━━ DATA SUPPLIED

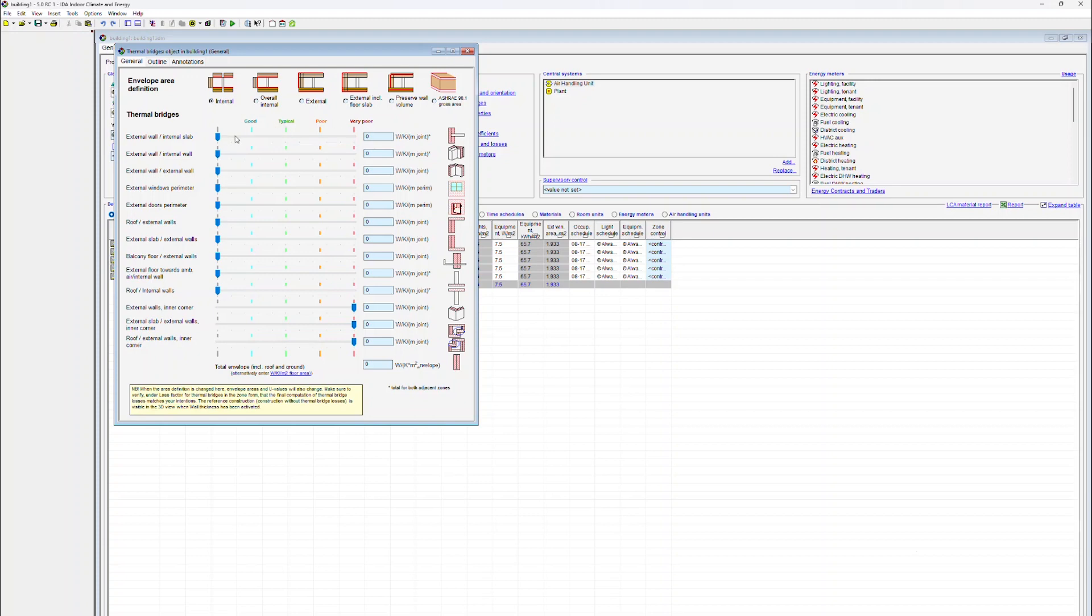Data related to thermal bridges can be defined in different ways, either by using the slider on the left-hand side or by keying in the data directly on the right-hand side.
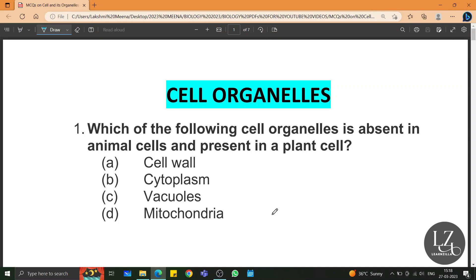Hello children, welcome to today's learning session. In this video, we are going to learn all the important MCQs from the cell organelles chapter.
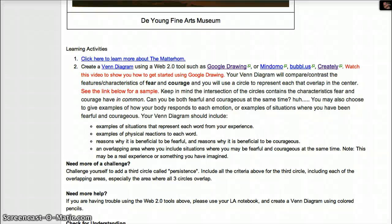In this screencast you'll learn how to use Google Drawing to create your Venn Diagram. You'll need to have a Gmail account so please go ahead and log into your Gmail before you start.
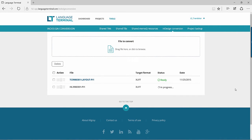While your file is being converted to an Xliff, MemoQ will tell you that it is in progress. Once it has completed, Ready will appear.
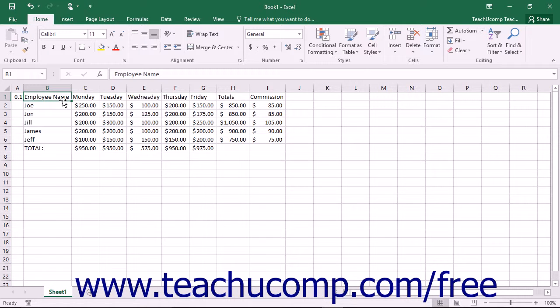Formulas will most commonly adjust their cell references to accommodate the insertion, but more complex references may not be adjusted. For example, if you had a formula that was equal to the sum of A1 through D1, and you inserted a new column between columns B and C, the formula would adjust to become equal sum A1 through E1.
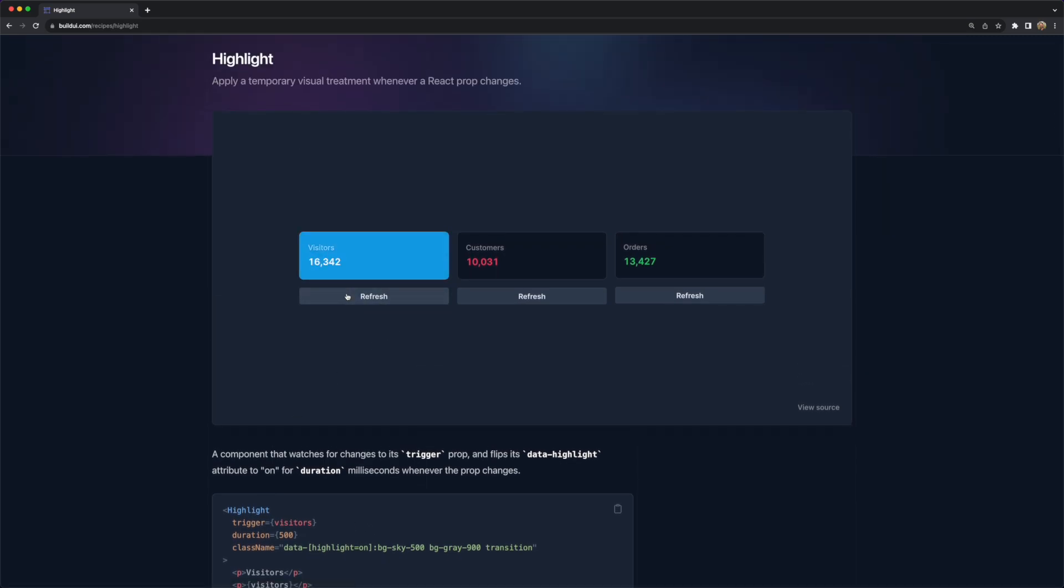Check out the description for a link where you can grab all this code for yourself. But that about does it. I think it's pretty cool that we ended up with a Highlight component that you can drop into any part of your dashboard to style different sections when a value changes. If you have any questions about this, just let me know in the comments. Otherwise, I'll see you in the next one.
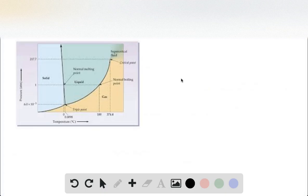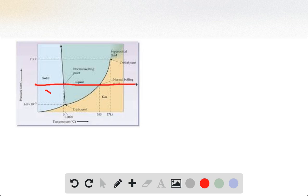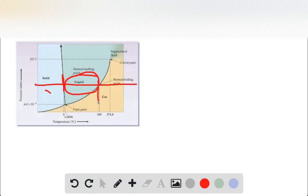For nitrogen, the phase diagram would look something like this. Nitrogen does have a stable liquid phase at 1 atmosphere. If we trace over from 1 atmosphere, this is going to be our melting line, and the liquid phase exists from 1 atmosphere all the way from this temperature here to this temperature here. So this entire section is a stable liquid at 1 atmosphere.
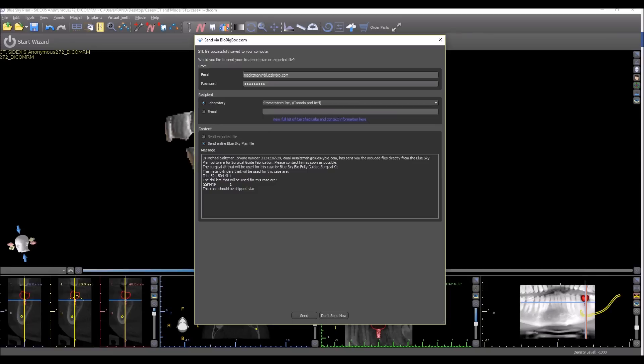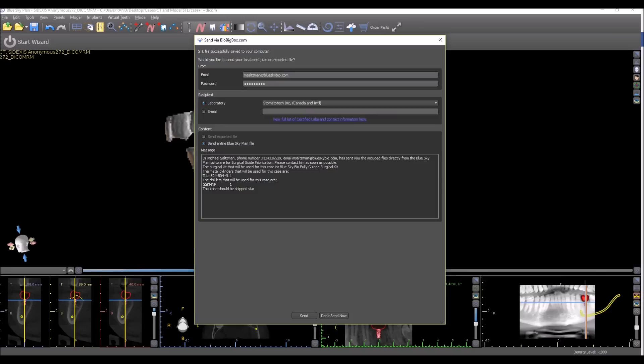Your email address, your login details for BioBigBox appear on the top of the screen, and it will send via your login details for BioBigBox. For those of you who are still not familiar, check out BioBigBox.com. It's a mostly free HIPAA compliant data transfer and storage system.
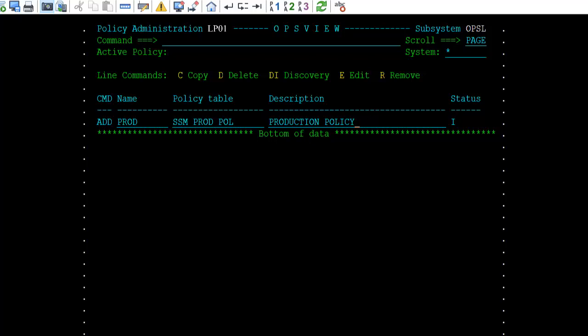Once the discovery is complete, the SSM active policy parameter will be set to the policy name and it will become the active policy. Policies can also be copied, deleted, and removed from the policy manager's control. The edit command will put you into the policy editor, which can also be entered via OPS View 4.11.p.r.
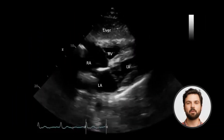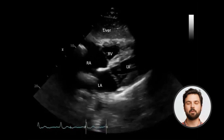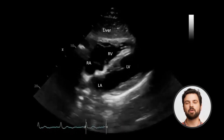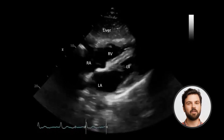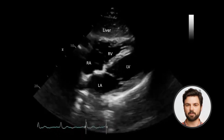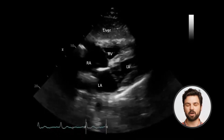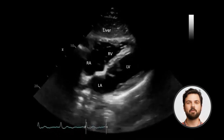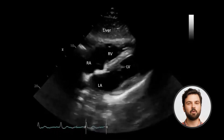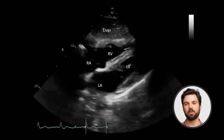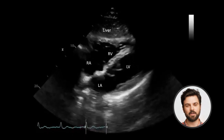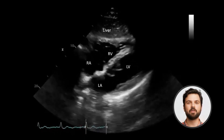In the subcostal view, the right atrium and right ventricle are seen closest to the transducer at the top of the display. The left atrium and left ventricle are in the far field. This view is useful for evaluating all four chambers, looking for interatrial or interventricular septal defects and pericardial effusions.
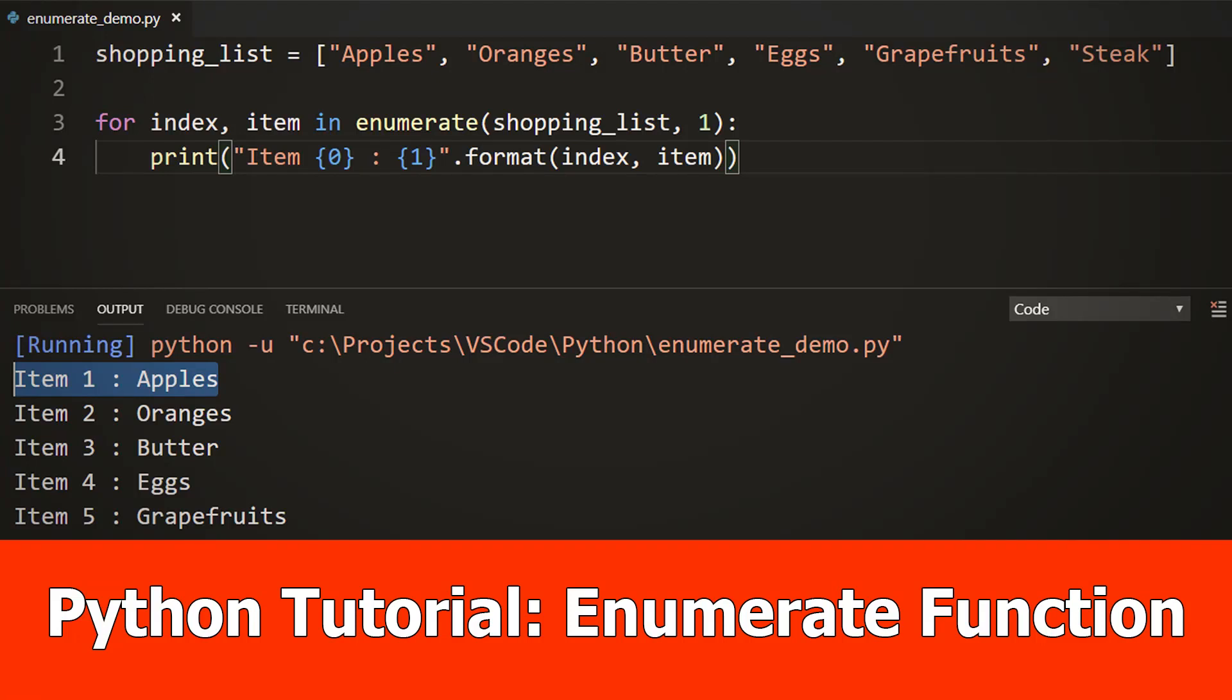Hey guys, this is JNM with an answer to the request what is enumerate in Python. Is it like enums?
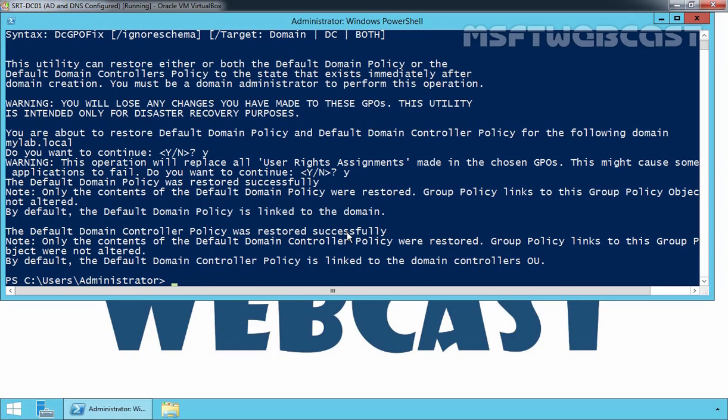You will now notice any changes to the GPO have been removed or reverted back to default settings. But before restoring default domain policy and the default domain controller policy, make sure you take a backup of your two policy objects first.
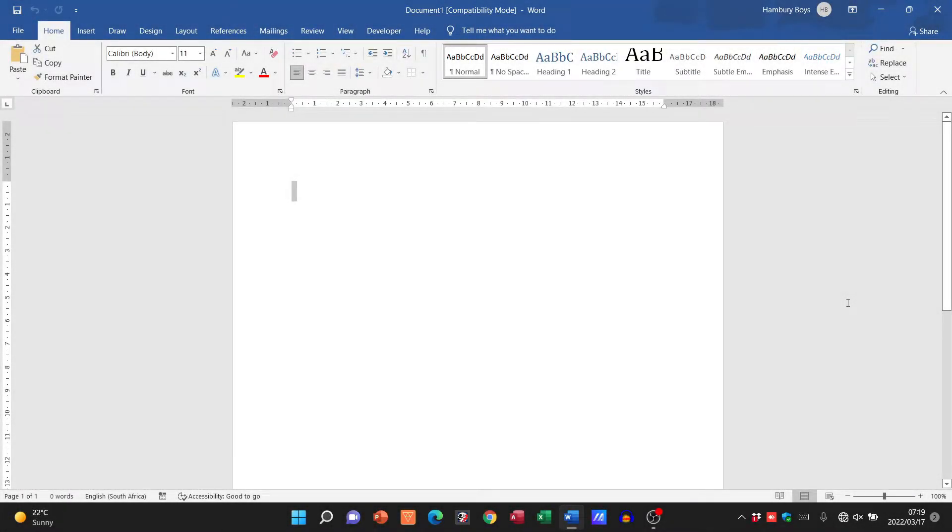Good day learners and welcome to our very first video on Microsoft Word. In this video, I'm going to go through the basics and the basic layout of Microsoft Word.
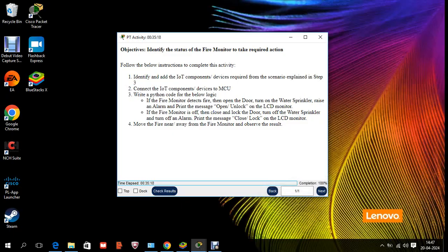Good morning students. Today we'll discuss Activity Number 7: identify the status of a fire monitor and take required action. We need to identify and add the IoT components and devices required from the scenario given, connect the IoT components to the MCU, and write a Python code for the following logic: if the fire monitor detects fire, open the door, turn on the water or fire sprinkler to put off the fire, raise an alarm, and print the message 'open/unlock' on the LCD monitor.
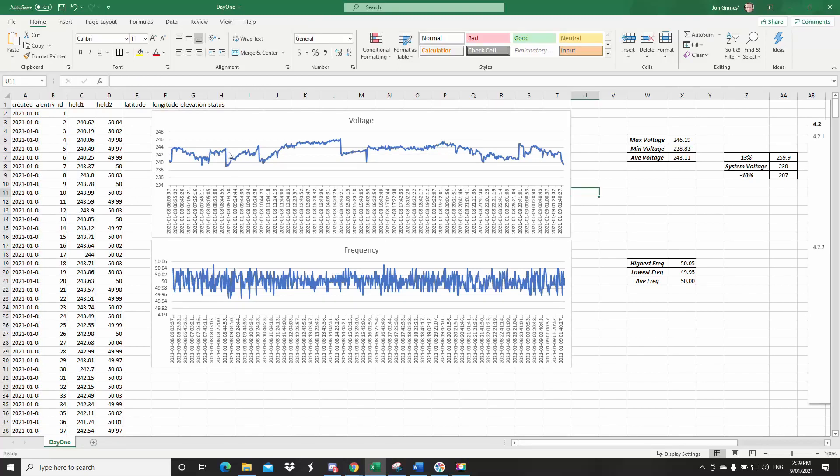The ups and downs, so the big spikes and the big dips are called sags for the downs and swells for the up.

━━━━

The data above holds the lines to copy: start at the one with "Hey guys, this", stop at the one with "You will now", include both, copy them exactly without pictures, and copy nothing else.

Hey guys, this is JNM with an answer to the request what is enumerate in Python. Is it like enums?
You will now notice any changes to the GPO have been removed or reverted back to default settings. But before restoring default domain policy and the default domain controller policy, make sure you take a backup of your two policy objects first.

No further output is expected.